SAN JUAN, Puerto Rico – Puerto Rico’s governor on Tuesday signed the U.S. territory’s first balanced budget in more than a decade amid an economic slump that has concerned U.S. investors.

The $9.6 billion budget was approved on the same day the fiscal year began, with the island’s House of Representatives approving the final version late Monday after legislators warned just days ago about a $200 million gap.

Gov. Alejandro Garcia Padilla noted that he fulfilled a key promise with the new budget: “We achieved this without laying off public workers or new taxes.”

The budget allocates $4.9 billion for operational costs and calls for the fusion of several government agencies as a way to cut costs. The budget is down $205 million from last year’s budget.

Approval of the budget comes amid growing concerns about Puerto Rico’s economy, with Garcia having signed a law Saturday that allows certain public corporations to restructure their debt if needed. He said the law in part aims to protect the general fund, which has long financed Puerto Rico’s public agencies, but the move prompted credit rating agencies to further downgrade bonds issued by those corporations.

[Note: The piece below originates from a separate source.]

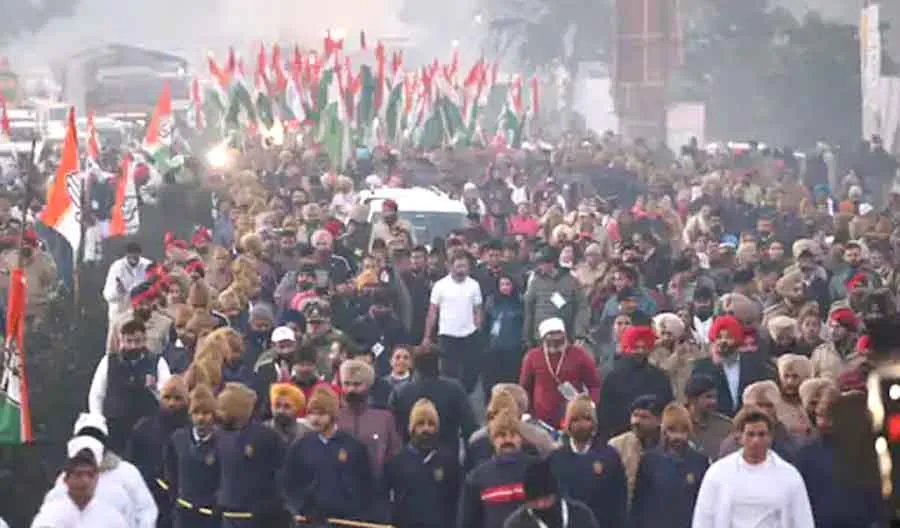 भारत जोड़ो यात्रा में पहली बार राहुल का ‘आप’ पर कटाक्ष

On Tuesday, Moody’s announced that it also was downgrading $14.4 billion worth of outstanding Puerto Rico general obligation bonds. The U.S. territory was able to sell a record $3.5 billion in such bonds in March despite having its credit rating downgraded to junk status.

Moody’s cited the new law as the main reason for the latest downgrade.

“It signals a depleted capacity for revenue increases and austerity measures, and a new preference for shifting fiscal pressures to creditors, which, in our view, has implications for all of Puerto Rico’s debt,” Moody’s said.

Garcia criticized Moody’s and said he had ordered the island’s justice secretary to take action, including possibly filing a lawsuit.

“This credit rating agency and any other agency that takes similar action will have to answer to this affront in court,” he said in a statement. “They need to know that if they want to govern Puerto Rico, they need to seek candidacy.”

The governor’s office later recalled the statement, but gave no explanation nor issued a new statement.

Legislators and officials also criticized downgrades announced last week for the island’s three largest corporations, including the state-owned power and water and sewer companies. Analysts noted the Electric Energy Authority has some $671 million in debt that matures in July and August, leading to speculation it might seek to restructure its debt.

The Franklin Templeton and Oppenheimer investment funds filed a lawsuit Saturday arguing that the law is unconstitutional.

Puerto Rico is entering its eighth year in recession as it struggles to reduce $73 billion in public debt and battles a 13.8 per cent unemployment rate, the highest compared with any U.S. state. Thousands of public workers have organized protests and strikes in recent weeks in response to a fiscal emergency law that calls for austerity measures.